Teo: We werkten in de boekenwinkel, daarnaast waren we voorgangersechtpaar  in de VEG-kerk van Oostrozebeke en tenslotte gaf ik godsdienstles. Na een jaar werd dit te druk en gaf ik het lesgeven op. In totaal hebben we zes jaar in Kortrijk gewerkt.

Elly: Wij organiseerden ook de gemeentekringen. Nu zeg je van ja jullie doen een gemeentekring, welke kerk doet dat niet. Maar toen was dat niet vanzelfsprekend, iedereen woonde zo verspreid. Intussen leerden we ontzettend veel mensen kennen.

Wat deden jullie na de periode in Kortrijk?

Elly: Wegens de drukte moesten we een keuze maken tussen het gemeentewerk en de boekenwinkel, we kozen toen voor het tweede en verhuisden naar Turnhout.
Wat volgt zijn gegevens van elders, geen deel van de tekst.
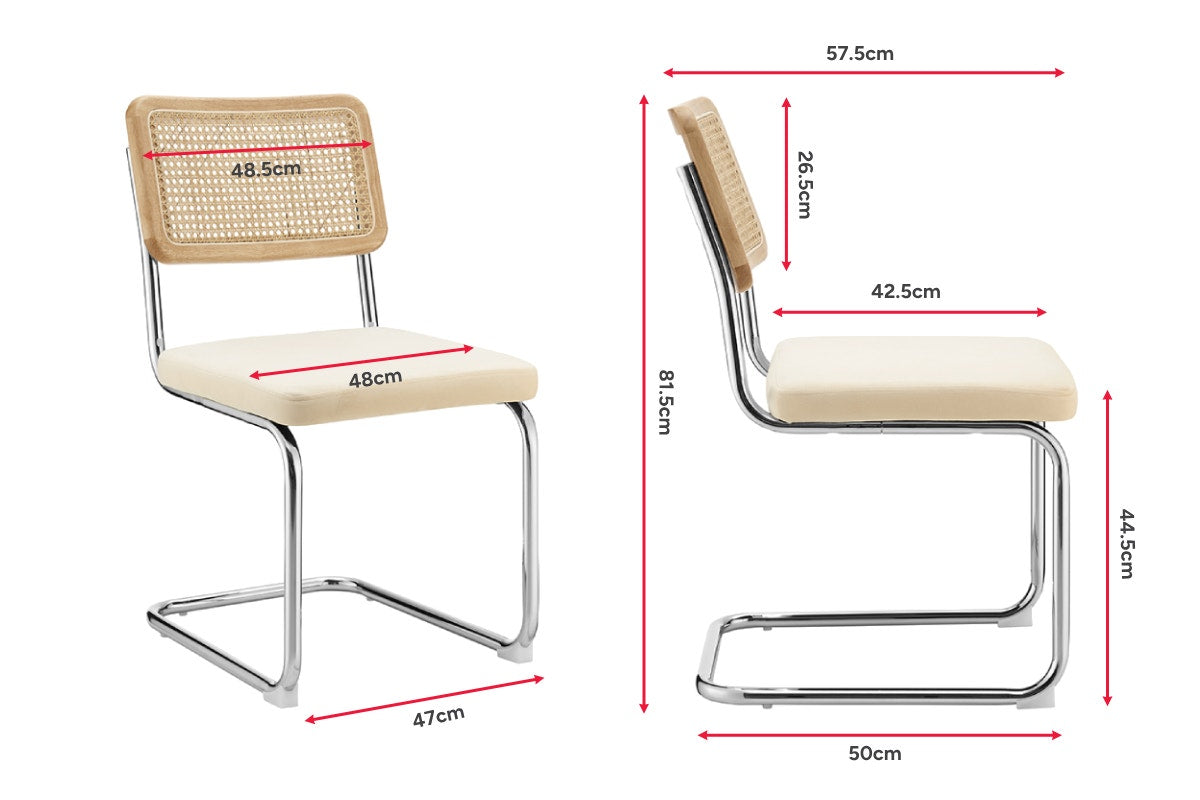 Set of 2 Matt Blatt Marcel Breuer Cesca Dining Chairs Replica (Rattan/Cream Velvet)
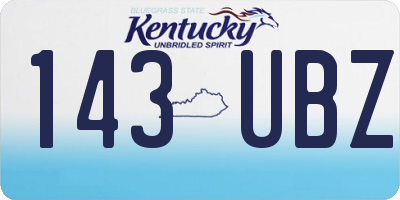 KY license plate 143UBZ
Toen we in Turnhout kwamen heb ik een jaar de administratie voor de boekenwinkel gedaan. Een jaar later ben ik van onze vierde bevallen en besloot ik thuis te blijven. Teo deed de boekenwinkel. In 1984 nam Teo de verantwoordelijkheid van de hele organisatie van Het Goede Boek op hem. Drie jaar later verhuisden we naar Leuven en namen we opnieuw de plaatselijke boekenwinkel op ons. Wat later kwam er een echtpaar aan wie we deze boekenwinkel konden overdragen. Toen onze jongste zes jaar werd begon ik weer een dag per week in de boekenwinkel te werken. Elke keer er iemand ziek werd, viel ik in.

Teo: De BEZ was al lang op zoek naar iemand voor de Nederlandse Public Relations en zodoende ben ik op het kantoor van Brussel aan de slag gegaan. Ik genoot erg van dit werk. Dat heb ik elf jaar gedaan. De verantwoordelijkheid voor de boekenwinkels ging in die tijd over naar een directieraad. Na die periode waren we op zoek naar een nieuwe werkmogelijkheid voor ons als echtpaar. God maakte ons toen duidelijk om in Brasschaat te werken. In 2002 kwamen we hier dan aan.

Hoe was dat voor de kinderen?

Elly: Op dat moment woonden er nog twee bij ons. Na de herfstvakantie moesten ze door de verhuis van Leuven naar Hoevenen van school overstappen, dat was heel moeilijk voor hen. Ze werden niet geaccepteerd, ze vielen midden in het schooljaar in. Maar na een jaar werd het heel anders voor hen. In hun geloofsleven heeft het heel veel verandering teweeggebracht. Ze zagen dat ook in moeilijke situaties God dichtbij was, beiden vonden toen ook in de nieuwe kerk van Brasschaat een partner.

 

Hoe zit het met jullie inkomen?

Teo: Wij komen uit een traditionele protestantse kerk uit Nederland waar totaal geen visie is voor zending en zeker niet voor België. Daar een vriendenkring opbouwen leek absoluut niet mogelijk. Maar in de loop van de jaren heeft God voor vier gemeenten in Nederland gezorgd die ons al die jaren hebben ondersteund en nog steeds doen. God heeft altijd op een bijzondere manier voor ons gezorgd.

Elly: En eigenlijk wil ik het ook niet anders; van giften leven is zo speciaal. Je bent afhankelijk en die afhankelijkheid brengt heel veel zegen met zich mee.

Is België een zendingsland?Teo: In 1982 stelden we onszelf ook die vraag. In Zwitserland was er toen een grote conferentie (Mission) waar ik naartoe ging met een collega-voorganger. Ik kwam daar tot de ontdekking dat in de echte stereotype-zendingslanden als Indian ge en Pakistan percentagegewijs meer christenen zijn dan in België. Toen bedacht ik bij mijzelf wij zijn hier in België absoluut op onze plaats. Aan die situatie is geen verandering gekomen. Daarom zijn we nog altijd hier om de mensen te vertellen hoeveel God van hen houdt en wat Jezus voor hen gedaan heeft.